Com as crianças, o Pontífice se deteve sobre o significado do testemunho como ‘exemplo de vida’: “Posso falar do Senhor, mas se eu com a minha vida não falo dando testemunho, não serve! Padre, eu sou cristão, e falo do Senhor. Sim, mas você é um cristão papagaio: palavras, palavras e palavras, e nada mais. O testemunho cristão se faz com a palavra, com o coração e com as mãos.”

O Papa exortou a ouvir, ir ao encontro, pedir perdão e perdoar, realizar obras de misericórdia com os doentes, encarcerados e pobres. E ter fé, vivendo-a e demonstrando com os fatos o quando seja importante: 

“Se você tem um amigo, uma amiga que não crê, não deve dizer-lhe: “Você tem de crer por isso e aquilo, e explicar todas as coisas. Isso não deve ser feito! Isso se chama proselitismo e nós cristãos não fazemos proselitismo. O que se deve fazer? Se não posso explicar, o que devo fazer? Viver de tal forma que seja ele ou ela a lhe perguntar: Por que você vive assim? Por que você fez isso?
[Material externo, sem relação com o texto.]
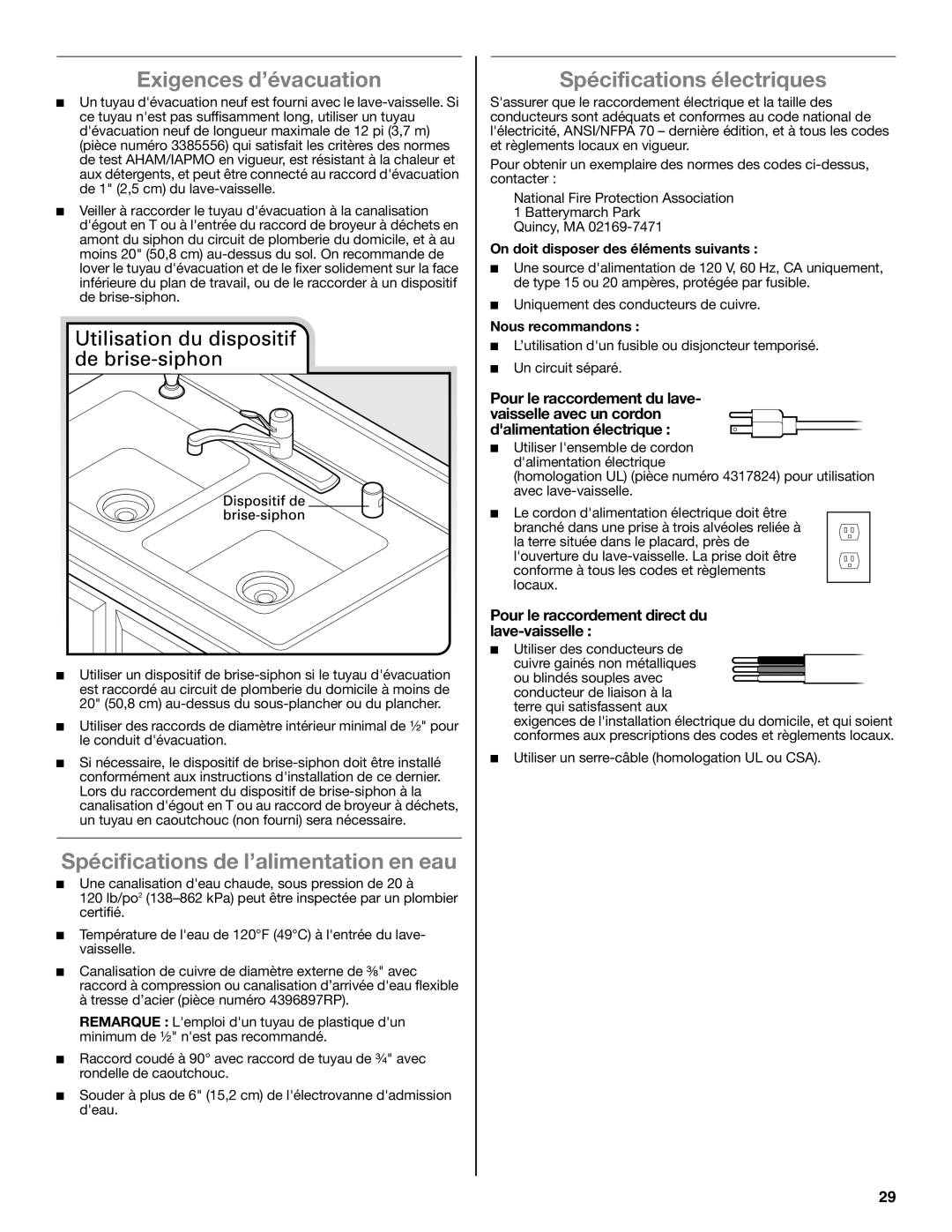 Maytag W10532762A Exigences d’évacuation, Spécifications de l’alimentation en eau, Spécifications électriques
Aí sim, você explica.”

Francisco convidou a falar e a ter como exemplo os avós que protegem a família: “são a nossa memória, a nossa sabedoria, são também amigos”, sublinhou. 

No encontro com os agentes pastorais, recordou o período em que em Buenos Aires fazia algumas catequeses ‘com um filme’, convidando a assistir o filme japonês de Kurosawa intitulado ‘Rapsódia em Agosto’, para explicar o diálogo entre avós e netos.

O Papa falou das vezes em que caminhou na ‘escuridão’ da fé: “Existem dias em que não se vê nada, mas depois com a ajuda do Senhor a gente se reencontra.” Por exemplo, diante de uma calamidade: Francisco se referiu às 13 crianças nascidas depois do terremoto que abalou recentemente a região central da Itália, batizadas, no último sábado (14/01), na Casa Santa Marta.

Paz

Uma paróquia é incapaz de testemunhar se nela existem fofocas. O Papa deu como exemplo os Apóstolos, que não obstante tenham traído Jesus, nunca “falavam mal” uns dos outros. 

“Vocês querem uma paróquia perfeita? Não fofoquem. Se você tem alguma coisa contra uma pessoa, fale diretamente com ela ou converse com o pároco, mas não entre vocês. Este é o sinal de que o Espírito Santo está numa paróquia. Os outros pecados, todos temos. Existe um coleção de pecados: eu pego esse, você pega aquele, mas todos somos pecadores. Porém, o que realmente destrói uma comunidade, como o verme, são as fofocas.”

Antes de deixar Guidonia, Francisco saudou os fiéis que esperaram por ele do lado de fora da igreja. E deixou uma tarefa: Que este seja um “bairro de paz”.